Democrats strip superdelegates of role choosing 2020 candidate
Party leaders and activists will no longer have outsized role after complaints about their influence in choosing Clinton over Sanders in 2016
CHICAGO, Illinois — The Democratic National Committee voted Saturday to reduce the influence of so-called superdelegates in choosing a presidential nominee, in a move intended to bring greater fairness and transparency while healing the wounds of a contentious 2016 primary season.
At the party’s presidential nominating convention that year, superdelegates — elected officials and other party leaders and activists — were able to add their influential votes to those coming from individual states’ primary contests.

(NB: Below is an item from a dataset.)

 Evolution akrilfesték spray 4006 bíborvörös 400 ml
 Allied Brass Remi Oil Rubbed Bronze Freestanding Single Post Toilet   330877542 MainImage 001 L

Supporters of left-leaning senator Bernie Sanders complained bitterly that superdelegates, unbound by state-level results and so not necessarily reflecting the popular will, threw the nomination to the more establishment candidate, Hillary Clinton.
Even without the superdelegates’ votes, Clinton won the majority needed for nomination. But Sanders supporters said the superdelegates’ influence had unfairly made Clinton’s candidacy appear unassailable. She went on to lose to Donald Trump in a stunning upset.
DNC members in a voice vote stripped superdelegates of the ability in future to cast polls during the first round of balloting, which has nearly always been decisive.
They will retain voting privileges on other Democratic business, such as the party platform.
In a Twitter message, Sanders welcomed the DNC’s decision as “an important step forward in making the Democratic Party more open, democratic and responsive to the input of ordinary Americans.”
Many superdelegates strongly opposed the change, saying the party activists who worked hardest to boost Democratic causes deserved special consideration.
But DNC chair Tom Perez defended it as a major reform that will “help grow our party, unite Democrats and restore voters’ trust by making our 2020 nominating process the most inclusive and transparent in our history.”
The field of Democratic aspirants for 2020 is wide open, and in the face of the intensely polarizing and often chaotic presidency of Donald Trump, Democratic leaders hope to bind up intraparty wounds well ahead of time.